The root of our insecurity beside the lack of justice delivery is of course the disparity in the distribution of wealth. So few are stinking rich while the majority wallows in abject poverty, no matter what measures we take towards curtailing the insecurity in the country it won’t work unless proper and equitable means of the distribution of wealth is deployed at the Federal, States and local government levels. All of our problems have indigenous solution but we lack the social and political will to address them. We have millions of graduate that if they could easily access funding they could be self-employed but unfortunately, despite the fact that this administration had came up with some of the most brilliant programs (especially NIRSAL), such programs were mostly used as propaganda and not reaching those that needed it, but few cronies close to those in power. If the Nirsal program were to be funded with one quarter of the money spent on security in the budget and transparently and equitably distributed to states with a transparent selection process, it is enough to turn around the fortunes of SME’s in the country, which is the engine of growth of any economy, but sadly ignored here. If our banks were to migrate from being a lair of loot to an institution that fund SME’s in single digit interest rates, we have enough market at home to turn the fortunes of the economy. With insignificant manufacturing base, the pressure on our currency due to the nature of our mono-economy and over dependence on import, will perpetually exert pressure on our currency to constantly hovers over devaluation and stagnate our interest rates at higher double digit.

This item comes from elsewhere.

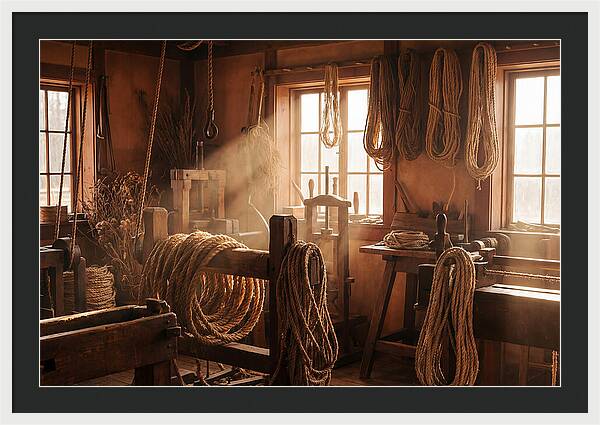 Old Rope Maker Workshop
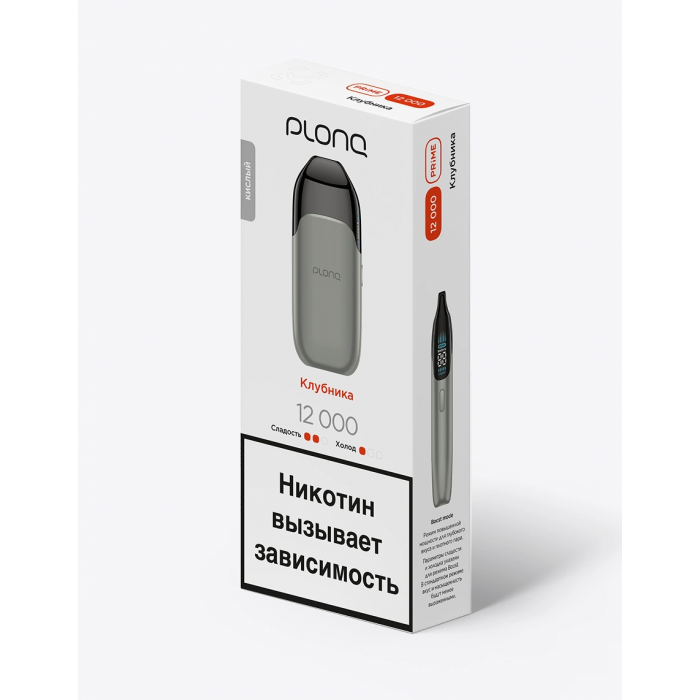 PLONQ PRIME 12000 Клубника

Buhari administration had woefully failed Nigerians in failing to deliver its core campaign promises and it is only delusional to think what they failed to do in the last six and a half years they could do in one and half. What should be our prime concern now, is to see Buhari hand over power come 2023 peacefully and that could only happen when the north is secured from its current travails of insecurity. All hands must be on deck to achieve that (government, politicians, cleric and the masses) because security is everybody’s business as much as insecurity affects all.